The more I travel for work, the more I long to have my family with me. But just what does that look like and what are the ethical implications of bringing the family along on business trips?
Being Away From Home Can Be Hard
This year, more than others in the past, my work visits tend to be to one city for about four nights. My daughter is just five and at a critical age. There is a real struggle between being successful and providing a life for her that I always wanted for her with being present enough for it to matter. For those that have the luxury of both, I salute you.
My father was gone most of my childhood four nights every week on business, yet we have a very close relationship and always have; being apart does not necessitate a bad parental relationship nor does coming home every night from work necessitate a good one.
All the same, the older she gets, the more I see her growing up from the little girl that would beg me to read her a story when I was all too tired from a long day.
I’m not going to miss out on these critical years.
The biggest challenge when bringing the family along on business trips are the ethical implications. Business trips are paid for by the company and are not mini-vacations. Often, this couldn’t be clearer, but if I were to take my daughter to Orlando during a convention and then to Disney after meetings are finished for the day, is that ok?
Often, the concern does not necessarily arise from the act of having family present on a business trip but the implied limitations family can put on an employee there solely to conduct business. It would be improper to avoid dinner with clients to spend time with family if that’s the reason an employee is there.
The issue is typically more with perception from co-workers than anything else. With social media as pervasive as it is, co-workers may misinterpret an occasional inclusion of family as misusing company funds. That doesn’t mean there is actually an issue with it but perception is the reality.
Does Management Approve?
Management may not condone bringing the family along on business trips but should. I am fortunate to work for a company that does allow my family to join me from time-to-time and I will be careful not to abuse that privilege. Other companies I have worked for have given me the latitude to bring them along on occasion as long as there was no interference with my work.
That being said, management should be consulted prior to family joining an employee on a business trip. In my experience, being open and honest with my employer usually leads to an embrace of the concept. Several times, my employer has suggested I take them out for dinner on the corporate card.

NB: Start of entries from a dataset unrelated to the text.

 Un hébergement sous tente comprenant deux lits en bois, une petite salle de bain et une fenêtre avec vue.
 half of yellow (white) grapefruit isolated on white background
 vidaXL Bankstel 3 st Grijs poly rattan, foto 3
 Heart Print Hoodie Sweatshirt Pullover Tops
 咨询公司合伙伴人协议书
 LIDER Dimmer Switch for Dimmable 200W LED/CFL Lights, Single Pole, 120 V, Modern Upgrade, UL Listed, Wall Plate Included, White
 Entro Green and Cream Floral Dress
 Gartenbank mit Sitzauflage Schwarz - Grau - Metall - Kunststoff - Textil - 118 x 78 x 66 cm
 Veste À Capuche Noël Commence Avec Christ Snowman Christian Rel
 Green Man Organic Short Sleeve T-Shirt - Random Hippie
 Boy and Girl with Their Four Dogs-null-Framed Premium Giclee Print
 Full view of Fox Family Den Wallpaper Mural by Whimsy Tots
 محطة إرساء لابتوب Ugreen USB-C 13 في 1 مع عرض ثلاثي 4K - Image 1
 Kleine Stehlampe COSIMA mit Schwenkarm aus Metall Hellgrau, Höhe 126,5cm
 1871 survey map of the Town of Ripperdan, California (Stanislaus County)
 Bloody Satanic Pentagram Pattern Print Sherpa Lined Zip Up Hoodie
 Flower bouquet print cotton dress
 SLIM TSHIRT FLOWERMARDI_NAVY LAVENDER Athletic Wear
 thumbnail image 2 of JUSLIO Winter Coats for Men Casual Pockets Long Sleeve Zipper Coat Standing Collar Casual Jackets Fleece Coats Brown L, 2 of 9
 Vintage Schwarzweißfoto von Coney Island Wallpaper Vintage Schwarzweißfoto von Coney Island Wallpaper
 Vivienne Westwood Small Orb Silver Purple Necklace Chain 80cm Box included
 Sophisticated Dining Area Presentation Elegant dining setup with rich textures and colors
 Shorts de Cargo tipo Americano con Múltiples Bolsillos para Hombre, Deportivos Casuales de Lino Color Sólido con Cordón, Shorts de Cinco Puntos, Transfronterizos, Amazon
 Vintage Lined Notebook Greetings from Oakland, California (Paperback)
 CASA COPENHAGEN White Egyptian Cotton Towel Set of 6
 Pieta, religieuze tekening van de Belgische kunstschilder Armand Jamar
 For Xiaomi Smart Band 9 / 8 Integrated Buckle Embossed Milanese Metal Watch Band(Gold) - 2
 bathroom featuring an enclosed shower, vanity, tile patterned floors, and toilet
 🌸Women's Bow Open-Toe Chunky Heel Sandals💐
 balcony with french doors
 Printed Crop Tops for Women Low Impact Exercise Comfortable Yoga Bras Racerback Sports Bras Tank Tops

Again, moderation and honesty are key.
Another concern is whether ethical charges are being incurred solely in connection with the employee’s business requirements and the nature of out of town work.
Did the employee order a large pizza on the company card to treat his family or would he have spent the same amount anyway? Did the employee take the same rental car they would normally book or upgrade for one that fits their family more comfortably? Was the hotel chosen in relation to the convenience for client visits or due to the pool?
Here are some basic guidelines I keep in place:
- Don’t change any parameters of normal business bookings (use the same hotel rooms, rental car categories and flight booking criteria)
- Do not alter spending on meals to accommodate family
- Make everything clearly above reproach
- When in doubt, pay out of pocket
My, then girlfriend now wife, joined me on a business trip to Las Vegas early in our relationship. She respected that it was a work trip for me and I made time for her when work was done. It was fine. My wife has been understanding on the few business trips she has joined me, my daughter is happy with a pool and a new city.
The same boundaries that are in place when working from home have to be respected by families traveling with the employee. Business calls, computer time and meetings have to be separate from family time. If something comes up for business, the family has to understand.
Employees that have inexact personal and work boundaries will find it difficult to manage. Families can feel ignored, employees can be distracted while they should be focusing on work – boundaries are important. Families should discuss them in advance, be clear and enforce them.
It’s a joy to bring my family on work trips though it may be less fun for them. When the opportunity arises to bring them along, it suits their schedule and my employer approves, I am happy for them to join. I encourage other employees to consider this approach and spend more time with their families while working out of town. It creates an unusual reprieve for the constant road warrior and creates a new environment for their loved ones.
Have you taken your family with you on a business trip? What has your experience been? How do you balance home/work life? Does your employer approve or disapprove?